An intriguing failing of convolutional neural networks and the CoordConv solution
This papers shows where normal Conv fails.
Last updated
This papers shows where normal Conv fails.
Last updated
Paper : https://arxiv.org/pdf/1807.03247.pdf
In this paper, author shows that when we try to learn the mapping from Cartesian coordinate to pixel in image, the convolution network fails i.e [x,y] -> images with pixel at [x,y] painted.
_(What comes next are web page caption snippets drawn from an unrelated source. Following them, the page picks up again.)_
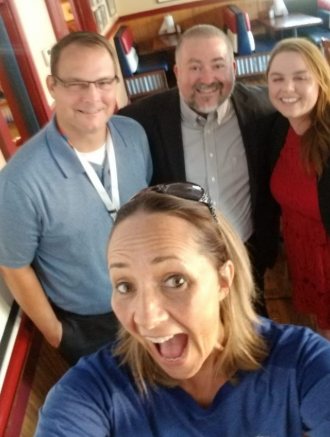 Four ICPA volunteers crowded into a group selfie away from the conference floor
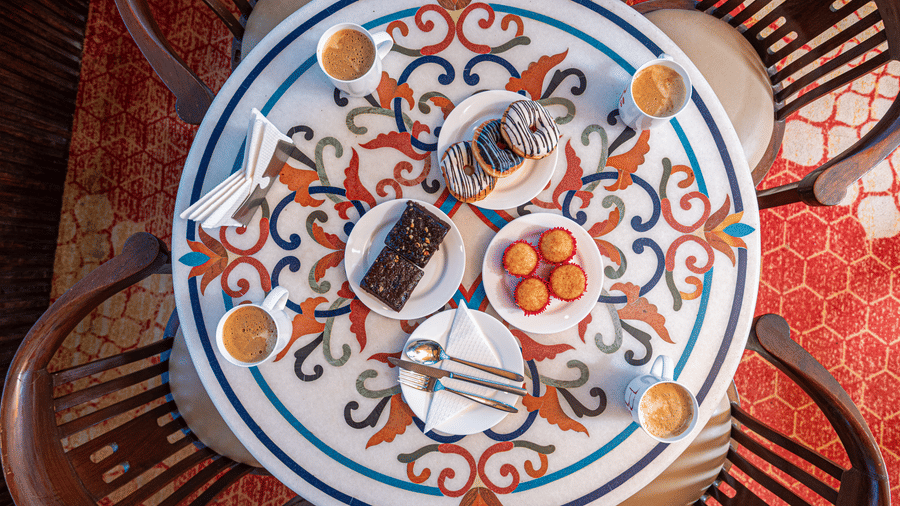 An overhead shot of a circular table set with a variety of pastries, brownies, and four cups of coffee. The table has a colorful, intricate floral and geometric pattern, with four chairs arranged around it. This is a food shot from the cafe at DLS Hotels O
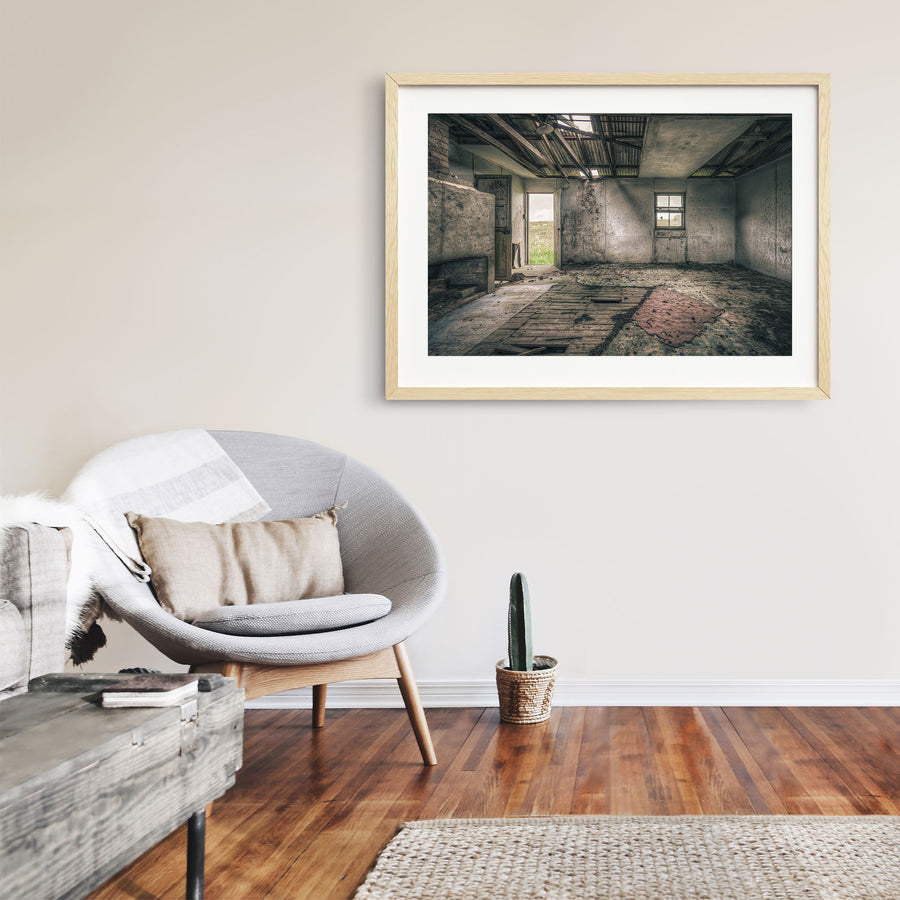 Interior of a derelict room at Jembaicumbene with a partly collapsed corrugated metal roof open to the sky, exposed timber rafters, rendered walls, a four-pane sash window, an open timber door to a paddock, and a torn red rug on broken floorboards.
The proposed CoordConv layer is a simple extension to the standard convolutional layer.\The CoordConv layer can be implemented as a simple extension of standard convolution in which extra channels are instantiated and filled with (constant, untrained) coordinate information, after which they are concatenated channel-wise to the input representation and a standard convolutional layer is applied. Figure 3 depicts the operation where two coordinates, i and j, are added. Concretely, the i coordinate channel is an h×w rank-1 matrix with its first row filled with 0’s, its second row with 1’s, its third with 2’s, etc. The j coordinate channel is similar, but with columns filled in with constant values instead of rows. In all experiments, we apply a final linear scaling of both i and j coordinate values to make them fall in the range [−1, 1].
Before conv was translation invarient, but as we are also giving coordinate information in form of channel in coordconv, they are not translation invarient. Hence, using cordconv can be useful when there is a mapping from image to coordinates or vice versa. CoordConv with weights connected to input coordinates set by initialization or learning to zero will be translation invariant and thus mathematically equivalent to ordinary convolution. If weights are nonzero, the function will contain some degree of translation dependence, the precise form of which will ideally depend on the task being solved.
This also sates that in object detection where output is coordinates of bounding box around object, using cord conv can increase the IoU by 24%.
Using coordConv can be very useful. It lets the filter know where are they in image and hence making it translation invariant. This propertly canbe useful when our input-output are related to coordinate and pixels.